### TASK STATEMENT
Reproduce the listing in full, exactly as written, but without images.

------------------------------------------------

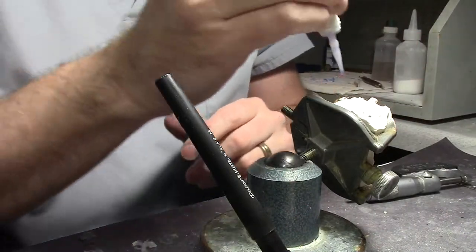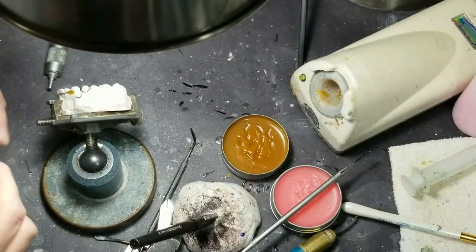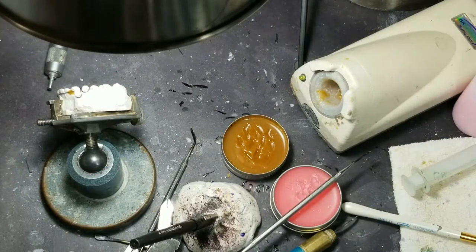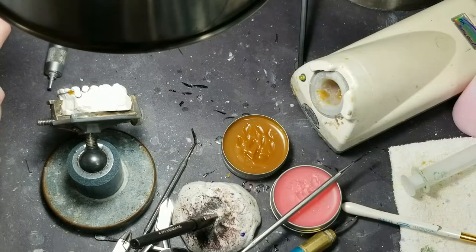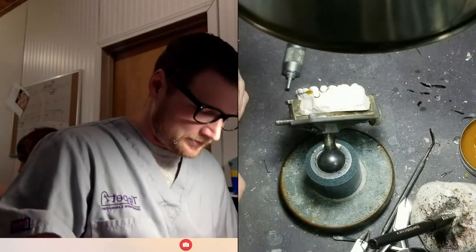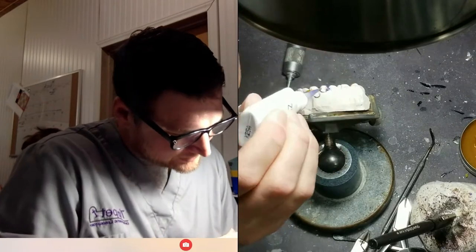I couldn't do this method with just wax — the wax would melt when you're trying to solder it. So I use this stuff to hold the wires on. And if y'all didn't know, I made a New Year's resolution at the beginning of this year — I was going to do a live stream every week for a year just to see how it goes, and also get my money's worth out of this system I got.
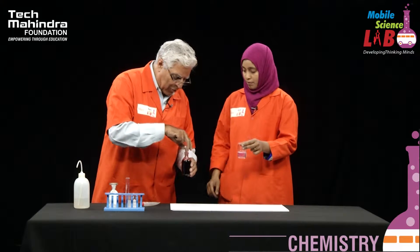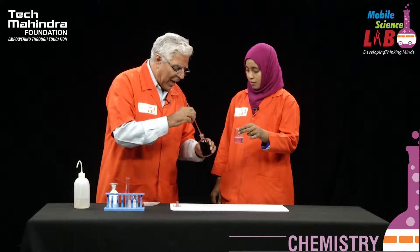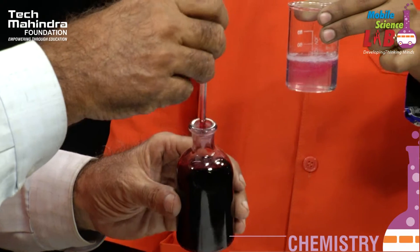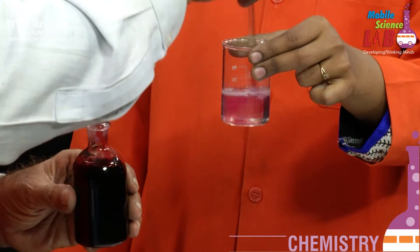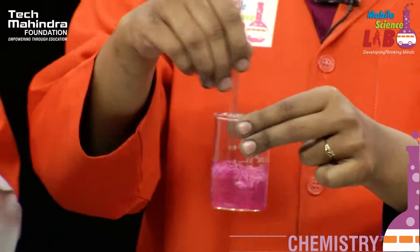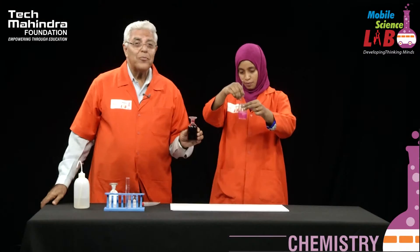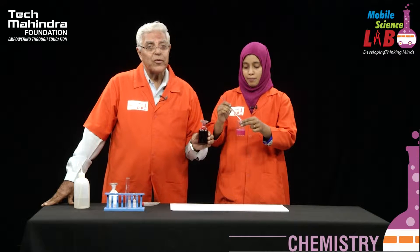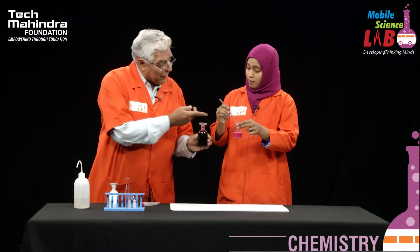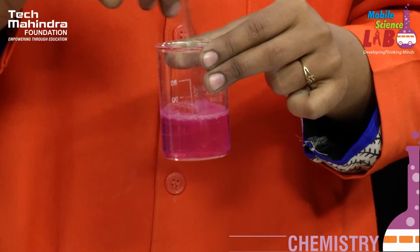That colour doesn't seem to be so uniformly dispersed, so I will dip my glass rod into the solution and mix it. This, students, is a solution of a dye called saffron, used very much by biology colleagues for staining specimens for the microscope. After mixing, as you can see, we've got a beautiful pink colour. We have taken two tubes of this synthetic adhesive.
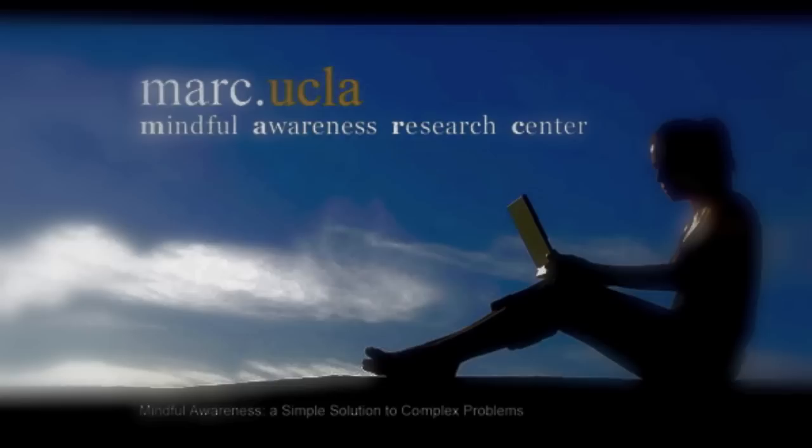Relax any areas of tightness or tension. And now begin to tune into your breath in your body, feeling the natural flow of breath. You don't need to do anything to your breath — not long, not short, just natural.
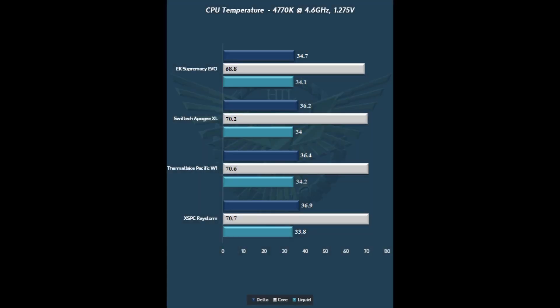Taking a look at the numbers, the really important number to be concerned with is the top number, which is the liquid-to-core delta. You've got the liquid and core temps laid out there as well, but the delta is actually showing you what the CPU block is doing. EK promised we were going to see improved performance with the Supremacy EVO, and we certainly are. The EVO outpaces absolutely everything in our testing — a good degree and a half better than the Swift-Tech Apogee XL — with even more improvements going down from there. Definitely a great showing from the Supremacy EVO on the 4770K with the overclock.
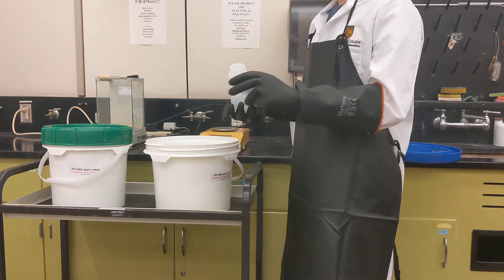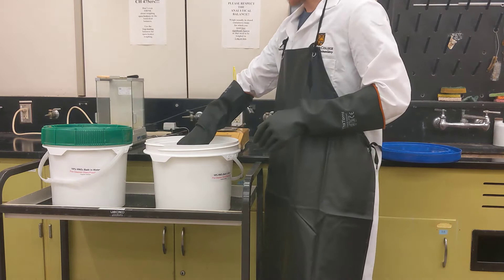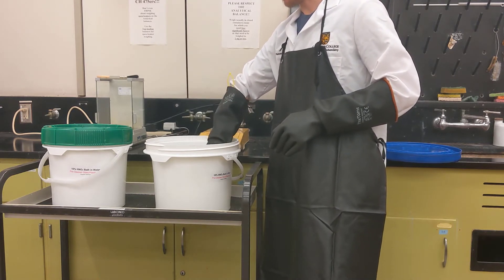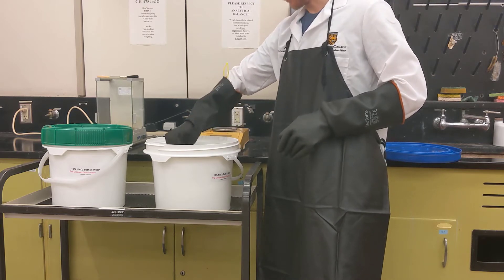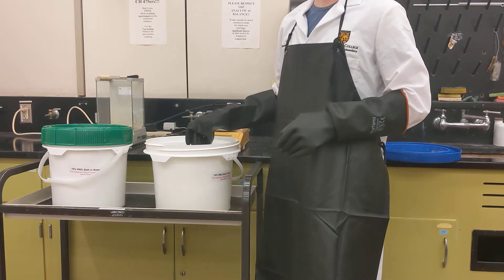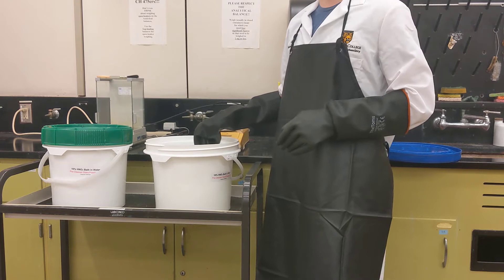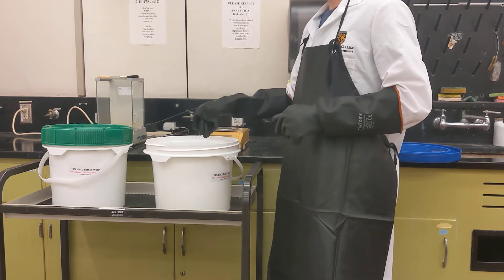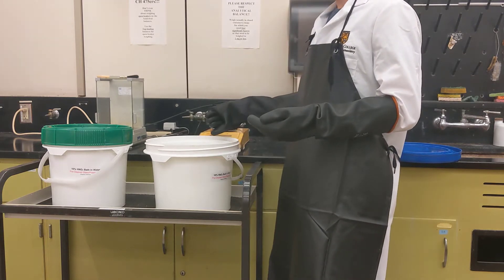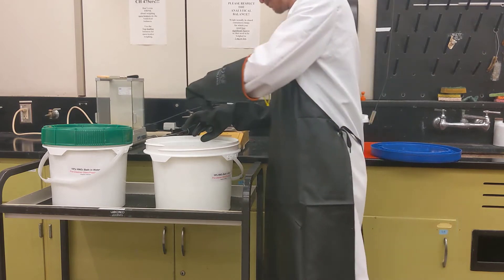Make sure the items are completely filled with the acid fluid, and be careful not to splash as you're adding them into the bath. All items should be completely submerged. For metals cleaning, items need to be submerged for at least four hours — typically you want to set this up in the morning or afternoon, set a timer for four hours, and then retrieve your items.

------------------------------------------------

### ANSWER BELOW
I couldn't do this method with just wax — the wax would melt when you're trying to solder it. So I use this stuff to hold the wires on. And if y'all didn't know, I made a New Year's resolution at the beginning of this year — I was going to do a live stream every week for a year just to see how it goes, and also get my money's worth out of this system I got.
That colour doesn't seem to be so uniformly dispersed, so I will dip my glass rod into the solution and mix it. This, students, is a solution of a dye called saffron, used very much by biology colleagues for staining specimens for the microscope. After mixing, as you can see, we've got a beautiful pink colour. We have taken two tubes of this synthetic adhesive.
Relax any areas of tightness or tension. And now begin to tune into your breath in your body, feeling the natural flow of breath. You don't need to do anything to your breath — not long, not short, just natural.
Taking a look at the numbers, the really important number to be concerned with is the top number, which is the liquid-to-core delta. You've got the liquid and core temps laid out there as well, but the delta is actually showing you what the CPU block is doing. EK promised we were going to see improved performance with the Supremacy EVO, and we certainly are. The EVO outpaces absolutely everything in our testing — a good degree and a half better than the Swift-Tech Apogee XL — with even more improvements going down from there. Definitely a great showing from the Supremacy EVO on the 4770K with the overclock.
Make sure the items are completely filled with the acid fluid, and be careful not to splash as you're adding them into the bath. All items should be completely submerged. For metals cleaning, items need to be submerged for at least four hours — typically you want to set this up in the morning or afternoon, set a timer for four hours, and then retrieve your items.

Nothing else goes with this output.